A Joe Biden presidency could lead to resumption of Iranian oil supply to India, which would reduce prices, but any such move would take time and the US shale industry is likely to oppose steps that make oil cheaper, industry experts said.
The US administration would continue to value India as a major energy market that lures oil and gas producers in the country, while Indian refiners are happy to reduce their dependence on oil from the Middle East.
Low oil prices are crucial for India that imported $100 billion worth of crude oil last fiscal year. Lower prices helped the government raise resources by increasing fuel taxes in a year the pandemic hit public finance.

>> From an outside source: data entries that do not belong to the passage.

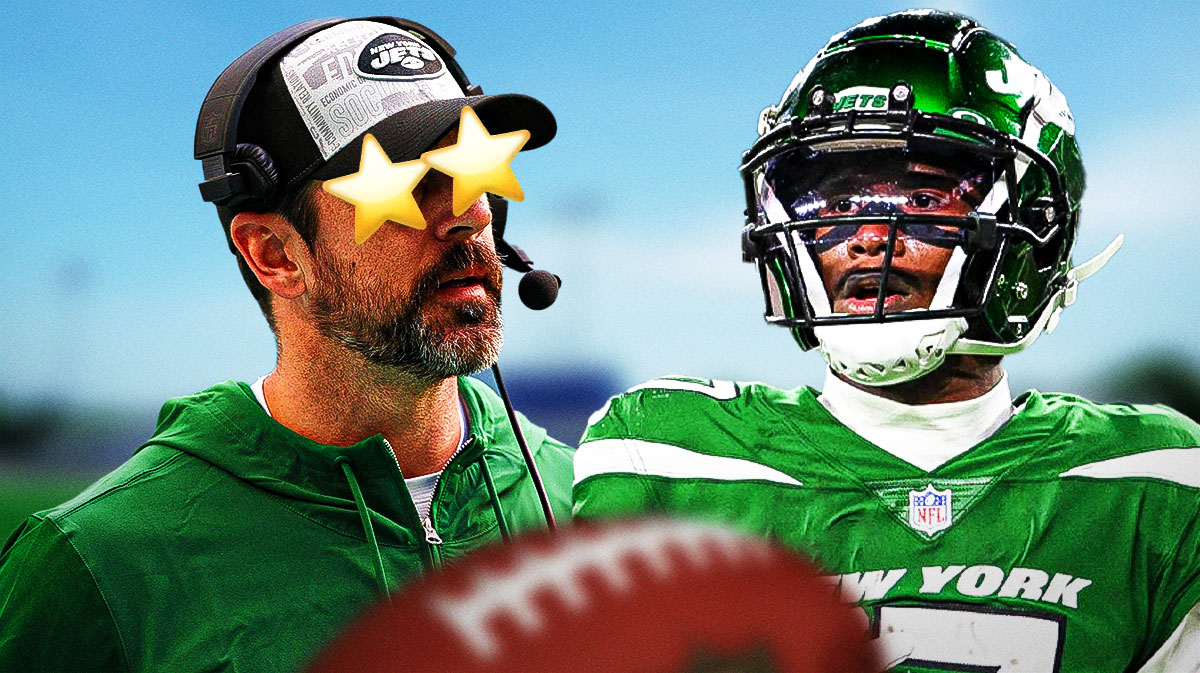 Jets' Aaron Rodgers looking at Garrett Wilson with stars in his eyes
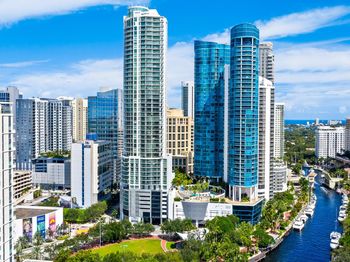 100 E Las Olas Boulevard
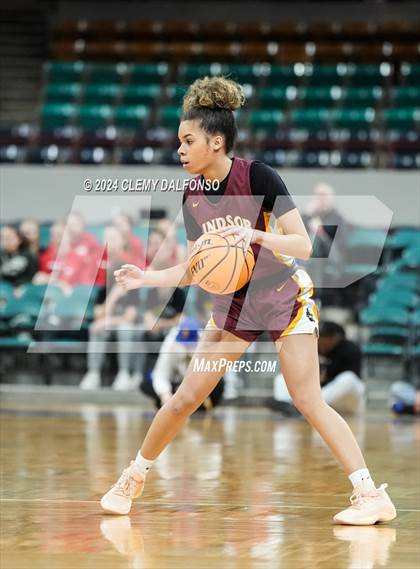 Thumbnail 3 in Windsor vs Northfield (CHSAA 5A Great 8) photogallery.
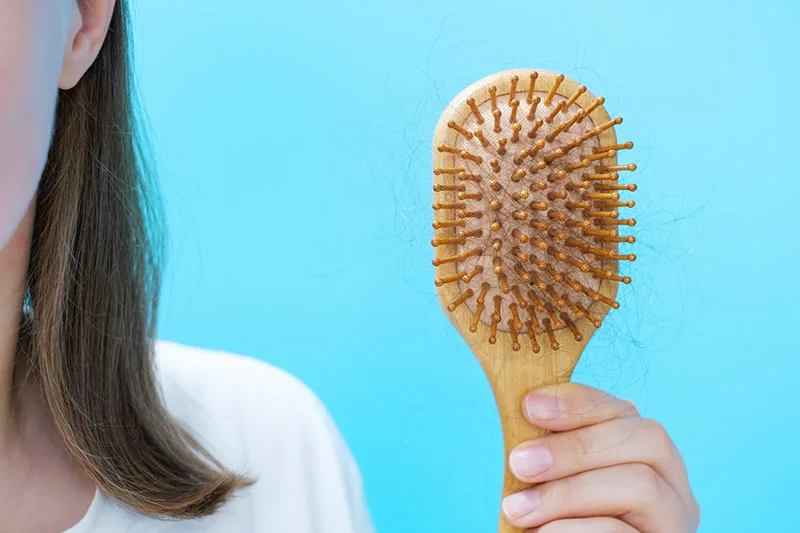 Ziołowy produkt do walki z wypadaniem włosów Pokrzepol – płyn przeciw wypadaniu włosów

“Prices will remain benign in general,” Hindustan Petroleum chairman MK Surana said. “Producing countries are already producing less than capacity. Supply from Libya is increasing. If Biden is soft on Iran, it will bring more supplies to the market.”
Crude oil is currently trading around $40 a barrel, with prices varying barely a few dollars per barrel since June as producers have adjusted supplies while demand has returned in many economies. The shock of the pandemic, which forced lockdowns across several countries for months, had sent prices below $20 a barrel in late April from nearly $70 at the beginning of the year.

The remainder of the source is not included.